The singer’s happy to remain, no matter the torture doled out, but by the end of the song we’re left none the wiser over whether he stays or goes. (I struggle to see how this helped to advertise jeans, but who am I to question…?) I’d call this record pretty poppy for The Clash, as well as assuming it was one of their early singles. But it was the 3rd release from their 1982 album ‘Combat Rock’, making #17 at the time. And despite coming five years after the band’s sixth and final studio album, this re-release was their first Top 10 hit, let alone their first number one.

Over the past few months, rock music has started to creep back in to the upper reaches of the charts (hurray!) If we start with ‘The Joker’s classic rock, then five of the past twelve #1s have been rock of one kind or another: indie rock (The Beautiful South), heavy metal (Iron Maiden), progressive rock (Queen) and now this. Is ‘Should I Stay or Should I Go’ more classic rock? Or is it garage? Or is it our first real punk rock #1, a decade and a half too late…? Or should we simply not care, and just revel in proper rock ‘n’ roll enjoying its new-found moment in the sun?

Recap: #631 – #660

And so, to recap…

The past thirty #1 singles have thrown the charts into a state of flux. We last recapped in July 1989, and the song that kicked off this latest section was Sonia’s ‘You’ll Never Stop Me Loving You’. Back then, Stock Aitken Waterman were responsible for what felt like one in every two chart-toppers, their brassy synths and predictable melodies the sound of the late 1980s…

And then, suddenly, they weren’t. After Sonia, SAW had just two number ones left in the tank – Band Aid II, and Kylie’s cute cover of ‘Tears on My Pillow’ – and neither of those were classics of their kind. No, it seemed that as dance music took over, people realised that there was a world beyond SAW. Black Box’s ‘Ride on Time’, for example, that autumn’s monster hit, and the record I claimed as the first modern dance #1.

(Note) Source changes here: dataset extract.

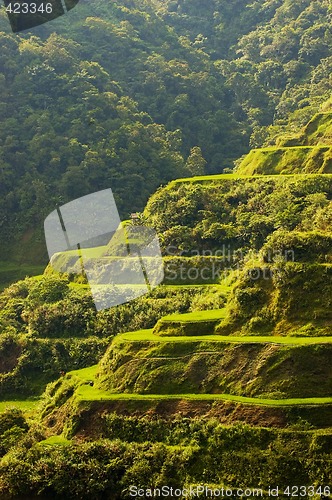 Image of Hapao Rice Terraces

From then on, we slipped into a dance groove as we began the final decade of the 20th century. Beats International, Snap!, Adamski, even New Order with the finest football song of all, and Madonna with another of her famous shapeshifts. It was dance music of a different sort: not one hundred manic samples all smashed together; but cool, confident music that, to be honest, wasn’t always that easy to dance to.

Yet to claim that this recap is solely about the dance hits is to airbrush a lot of what makes this period in chart history so interesting. For while the dance hits were trying to hold everything together, the rest of popular music was going ever so slightly mental. We caught glimpses of the decade to come, with the first modern boyband (NKOTB), some lilting indie from The Beautiful South, and the first movie-soundtrack monster ballad of the ‘90s in ‘Show Me Heaven’. It won’t be the last.

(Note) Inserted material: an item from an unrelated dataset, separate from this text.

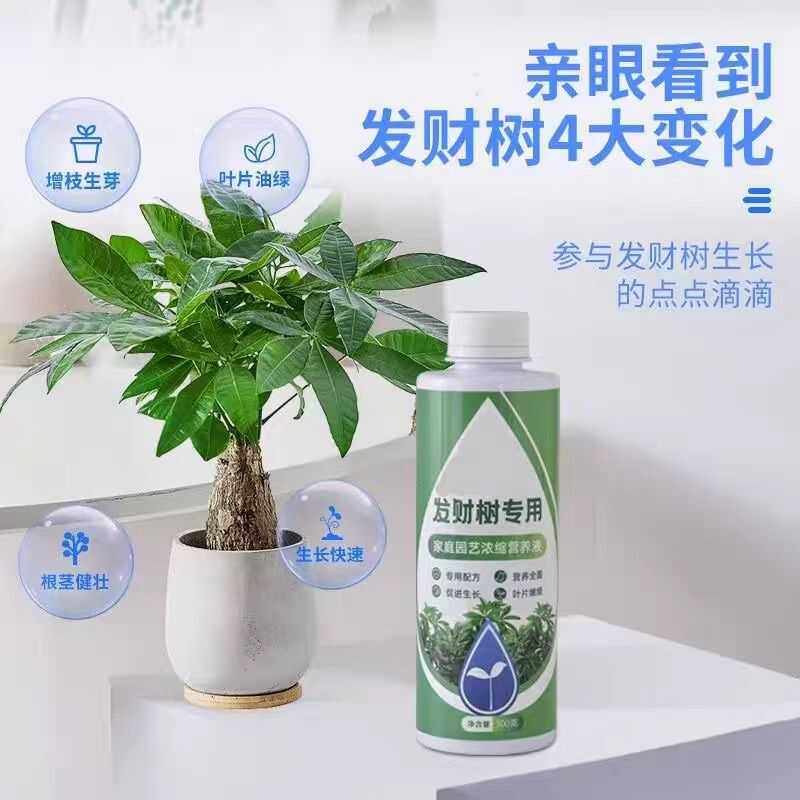 发财树专用肥专用营养液肥料稀释绿植植物室内盆栽家用通用型液体,鲜花速递/花卉仿真/绿植园艺,家庭园艺肥料,淘宝优惠券,粉丝福利购,淘宝优惠卷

Then there were the continued random releases of golden oldies that have been a feature of the charts since 1986, thanks to Levi’s adverts (‘The Joker’) and movies about ghosts with a fetish for pottery wheels (‘Unchained Melody’). And then there was the long-awaited arrival of hip-hop as a genuine chart force, with the genre scoring three out of the past thirty number ones. (Though, as those raps were either about animated turtles, or delivered by cartoon children, or Liverpool midfielders, or… oh yeah… Vanilla Ice, it’s safe to say that it’s a genre still finding its feet. Its time will come soon enough.)

And then it’s almost too easy to pass over the fact that Elton John scored his first ever solo #1, and that Cliff Richard went all Christian-contemporary to ensure he managed a chart-topper in each of the singles chart’s five decades, and his 3rd Xmas #1 appearance in a row! Because all that pales into insignificance when we hit the run of number one singles that came in the deep midwinter of 1990-91. Iron Maiden brought the heavy metal. Enigma brought the Gregorian chanting. Queen brought the Spanish guitars (not to mention the end of the world). And the KLF brought the house down with their industrial dance banger ‘3AM Eternal’, complete with machine guns.

Anything else…? Oh, but I’d almost forgotten. At least, I’d tried to forget. Jive Bunny. J-J-J-Jive Bunny. He was a thing that happened. And he didn’t just ‘happen’. Three #1s, ten weeks at the top, in barely four months. For a brief moment it was the Bunny’s world and we were just living in it (and I’ve only just realised quite how much these past few months have been dominated by cartoon characters…) To tell the truth, I quite enjoyed his first two hits, with their perky mash-ups of rock ‘n’ roll classics. By the 3rd, Christmas-themed, hit however the joke had run out of steam…

Which brings us on to the awards. The ‘Meh’ Award is hard to decide, as so many of the past thirty records have been anything but dull. I could give it to Lisa Stansfield’s ‘All Around the World’, but that was a bit too classy. I could give it to NKOTB’s ‘Hangin’ Tough’, but that was entertainingly lame. So, I’ll have to give it to Band Aid II, for their completely faithful, but nowhere near as iconic, attempt to recapture the magic of ‘Do They Know It’s Christmas?’ At least it raised some money for a worthy cause.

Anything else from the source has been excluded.